Sophie Treppendahl: By Candlelight at Philip Martin Gallery

Written by Derek Simpson

Black cat under a table with a red-checked tablecloth and plates of food.
 

Philip Martin Gallery is proud to present By Candlelight, a solo exhibition of new works by New Orleans-based painter Sophie Treppendahl. The show features jewel-sized, highly-detailed small works with succinct yet evocative titles such as, "Breakfast with Vuillard and Candles, Gray;" and "Dinner with Derain and Candles, Green."

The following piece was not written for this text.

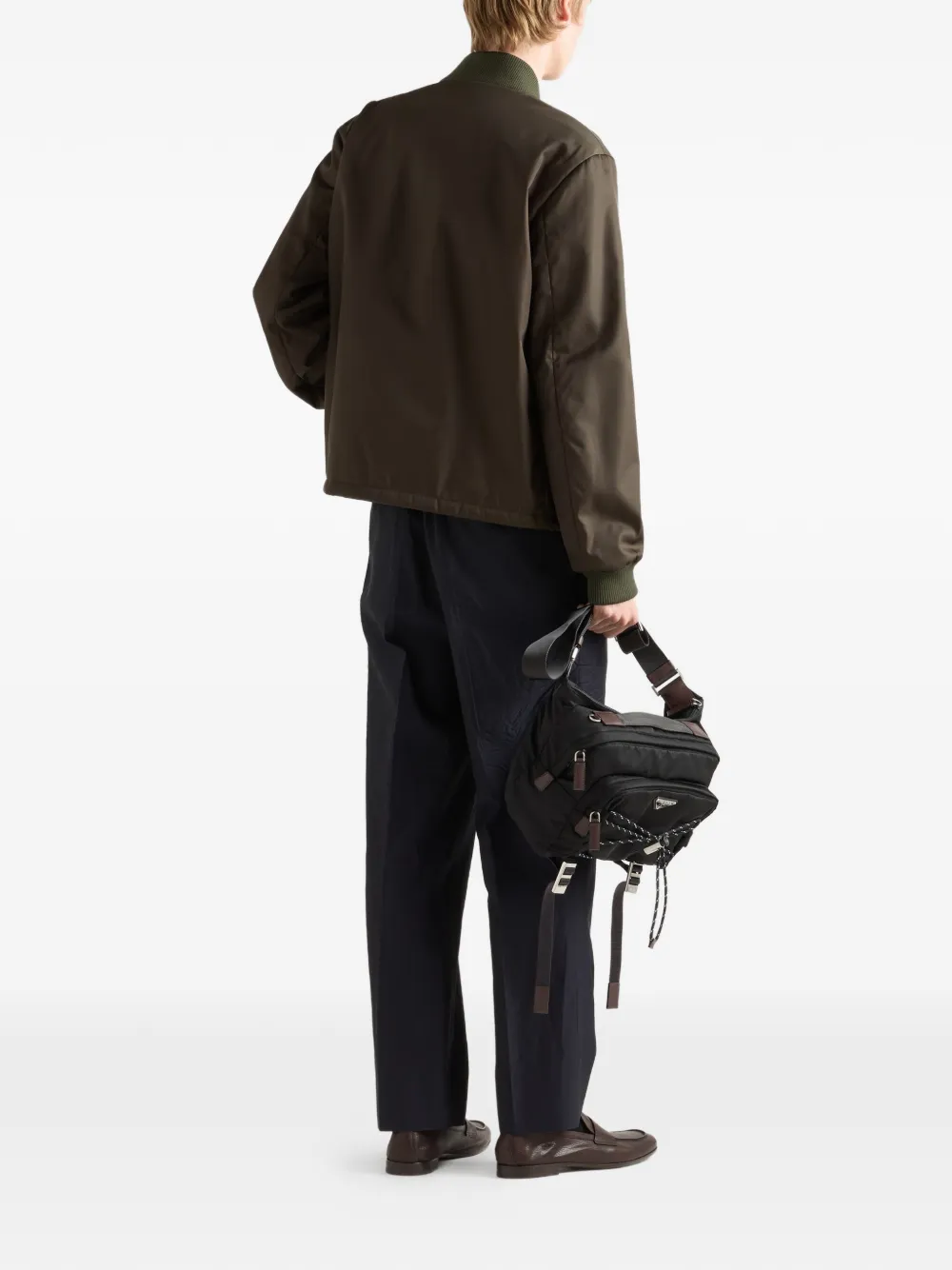  Prada Re-nylon Bomber Jacket - Green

Sophie Treppendahl's exhibition, "By Candlelight," takes as its motif the interior of her New Orleans home. With an eye to seriality, Treppendahl focuses on the mantle, with its French 19th-century styling; the wall behind it; and the dining table, the surface of which is scattered with objects as they might be found the morning after a dinner-party. In some sense, Treppendahl's works are informed by the domestic interiors of Édouard Vuillard and Pierre Bonnard, two painters who met at the École des beaux-arts de Paris, where they shared an apartment with Maurice Denis, an artist and critic whose comment, "Remember that a painting - before it is a battle horse, a nude model, or some anecdote - is essentially a flat surface covered with colors assembled in a certain order," is a key to painting today.

 

Sophie Treppendahl, Dinner Party With Matisse and Candles, Blue, 2026. Acrylic on panel. 14 x 11 in.

 

Sophie Treppendahl's awareness of the means of painting is acute: her brushstrokes, color choices, sense of pictorial rhythm and space inform the pictures she makes; at the same time, Treppendahl figures the interiority inherent in both looking at and making art. Vuillard, Bonnard and Denis together formed Les Nabis, "an avant-garde post-impressionist artistic movement based on the aesthetics of the Arts & Crafts movement, which aimed to mix major and minor arts; and to integrate art into everyday life." Sophie Treppendahl's own interest in the integration between art and life comes down to the personal as political by way of paintings that reveal not only her loved ones and her environs, but also herself as working mother, artist and activist.

 

Sophie Treppendahl, Breakfast With Derain and Matisse, Yellow, 2026. Acrylic on panel. 14 x 18 in.

 

“Through painting, I aim to capture not the likeness to an image but the overwhelming feeling of the space or a memory," Sophie Treppendahl writes. "In my studio, I work from recorded observations, often photographs and drawings, that then serve as a springboard to explore pattern, color, light and shadow. When creating, the representation becomes secondary, my primary focus becoming the painting process itself. As I translate reflection, pattern, and shadows through paint, the image lends itself to abstraction, manipulation and exaggeration. Through this, the painting takes on new life. And instead of creating a hollow representation of a moment that once was, I hope to create something altogether new." "This is a group of small paintings of dining rooms with remnants of meals and dinner parties," in which, "anxieties about the world" intersect with art-making, activism and community. Art-making is a means by which to find and communicate one's voice; activism is a parallel way in which to put that voice into action; community is a means by which to find fellowship and affect change. In Treppendahl's work we find inspiration to consider the world in which we live; the people with whom we share it; what we want for ourselves and others.